State media attempted to quell fears by running headlines that said, “No widespread panic buying is spotted in major Chinese cities”. Others lauded the close attention of citizens to government directions but said their panic was “completely unnecessary”. “[The suggestion to stock up] is related to epidemic control measures.”

But it did little to calm jittery nerves after months of China living effectively without COVID-19. More than 1 billion people in China have been fully vaccinated by the Sinovac and Sinopharm vaccines.

The stockpiling notice from the ministry spread online where it was picked up by Chinese nationalists and other communities worried that it was not COVID that residents needed to be prepared for, but war with Taiwan. On Weibo, a post listing emergency equipment used by families in Xianmen, a city close to Taiwan, went viral. The nationalist tabloid, The Global Times, speculated the “notices could be a sign of [a] potential outbreak of war across the Taiwan Strait,” despite no conventional military analyst predicting an invasion is imminent.

The Chinese Communist Party has more urgent issues at the front of mind. Next week, it will host its sixth plenum in Beijing. This one, focused on the party’s history and achievements, is particularly important for President Xi Jinping who will use it to burnish his credentials as the most important leader since Mao Zedong before seeking a third term in office next year.
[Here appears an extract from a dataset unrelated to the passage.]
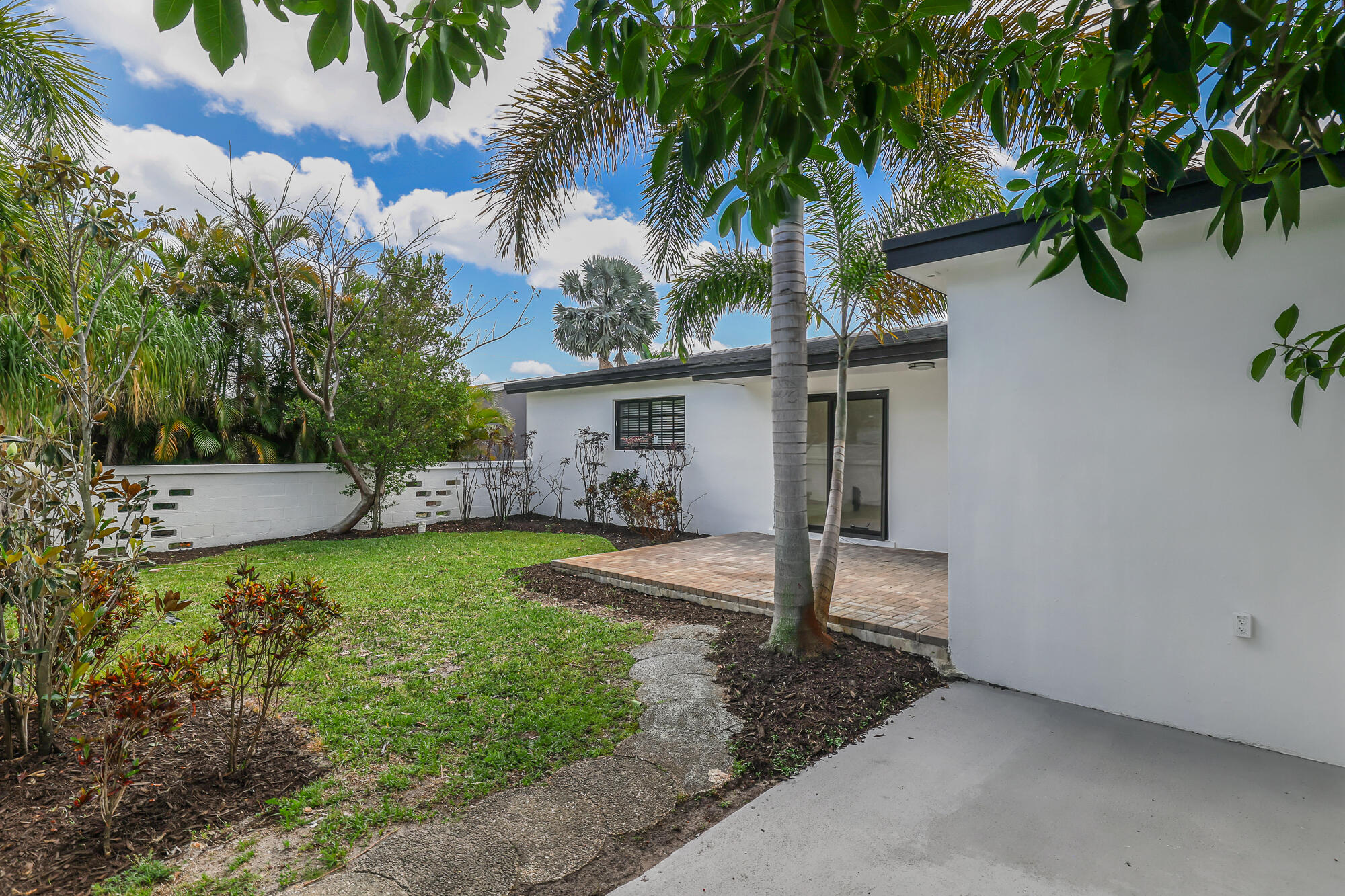 PATTERSON PARK 1ST ADD - Residential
The COVID-zero President is unlikely to sway from his strategy until that is achieved.

The medical establishment is behind him, believing the economic benefits of elimination ultimately outweigh the costs of lockdowns.

China’s top respiratory disease expert Zhong Nanshan pointed to other countries such as Singapore which have started down the path of opening up before being forced to implement restrictions again.

“This flip-flopping approach is actually more costly,” he told CGTN. “The psychological impact on citizens and society is also greater.”